The Blue Ribbon Commission on America's Nuclear Future released a report that urges policymakers to quickly find at least one site to permanently store the nation's high level nuclear waste.
About 65,000 tons of spent nuclear fuel is currently stored at 75 nuclear reactors around the country because no central storage site could be found that didn't encounter strong resistance.
Seeking to end the nation's impasse on nuclear waste policy, the report calls for development of consolidated interim storage sites to handle the waste that's piling up at the nation's nuclear reactors.
It also recommends that a separate agency be formed that would be responsible for nuclear waste management, rather than housing it within the Department of Energy.

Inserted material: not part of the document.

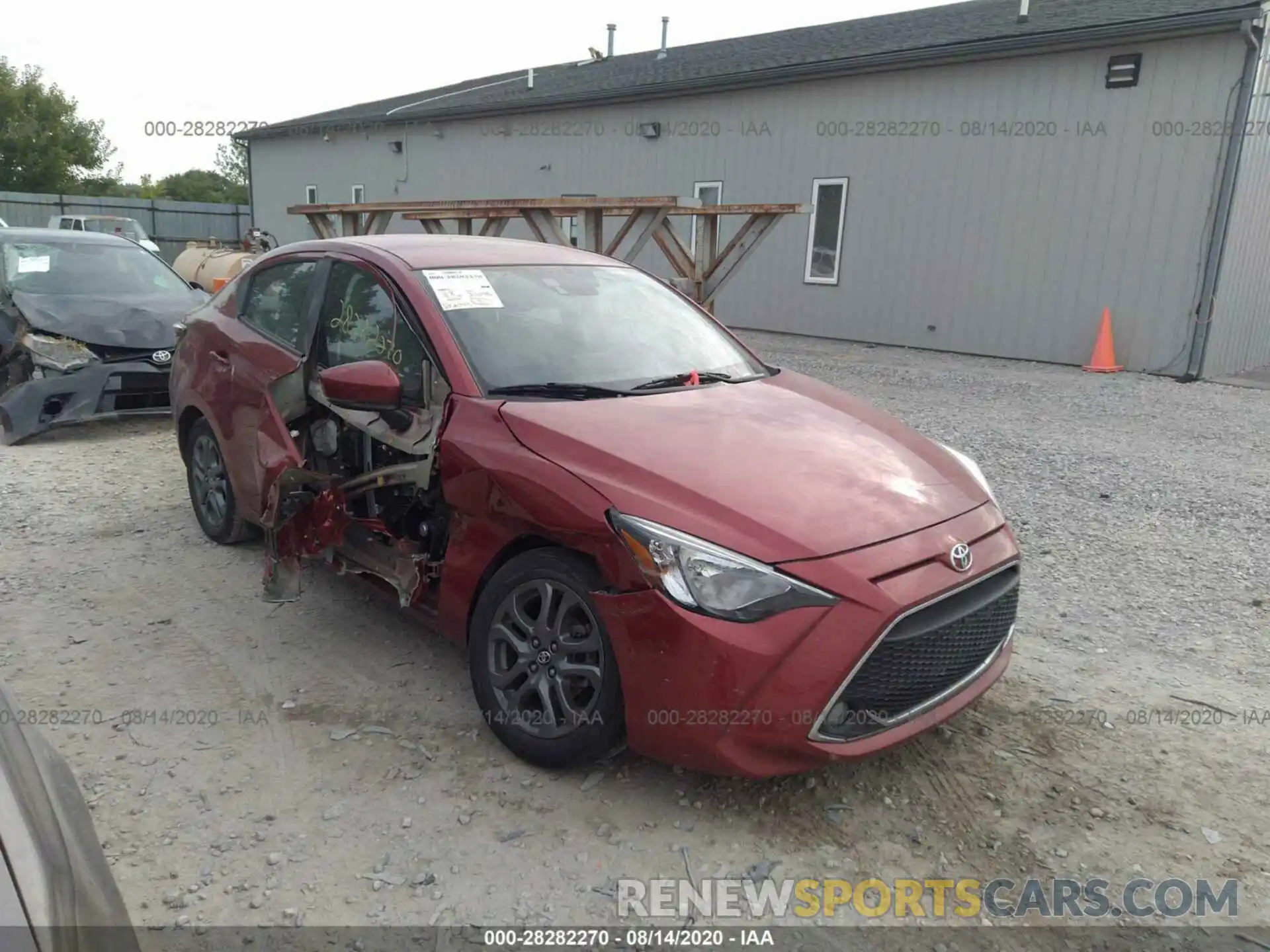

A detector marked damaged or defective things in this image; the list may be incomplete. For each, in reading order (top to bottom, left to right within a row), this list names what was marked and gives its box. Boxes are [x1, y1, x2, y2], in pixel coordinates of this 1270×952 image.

another damaged car [0, 229, 206, 444]
damaged red toyota [169, 234, 1021, 777]
another damaged car [169, 233, 1021, 783]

For decades, Congress has tried unsuccessfully to find an appropriate site to store the radioactive waste. They settled on Yucca Mountain in Nevada back in 1987, but the state has pushed back against it.
The commission, which was created by President Obama, says:
"The need for a new strategy is urgent, not just to address these damages and costs but because this generation has a fundamental, ethical obligation to avoid burdening future generations with the entire task of finding a safe, permanent solution for managing hazardous nuclear materials they had no part in creating," the report says.
The commission recommends that policymakers use a "consent-based approach," where states and communities would have input on whether they want to house a storage facility.
A House Energy and Commerce Committee panel will hold a hearing on the report February 1, to be followed by a Senate Energy and Natural Resources Committee hearing the next day.
"We have a lot of issues to address - not just the need for a long-term repository, but also transportation safety issues, the federal government's contractual liability and the need to consolidate and prioritize the existing temporary storage facilities - and I'll be looking to the commission for guidance as we consider
possible legislative action," says Sen. Lisa Murkowski
(R-AL), the top Republican on the Senate Energy and Natural Resources Committee.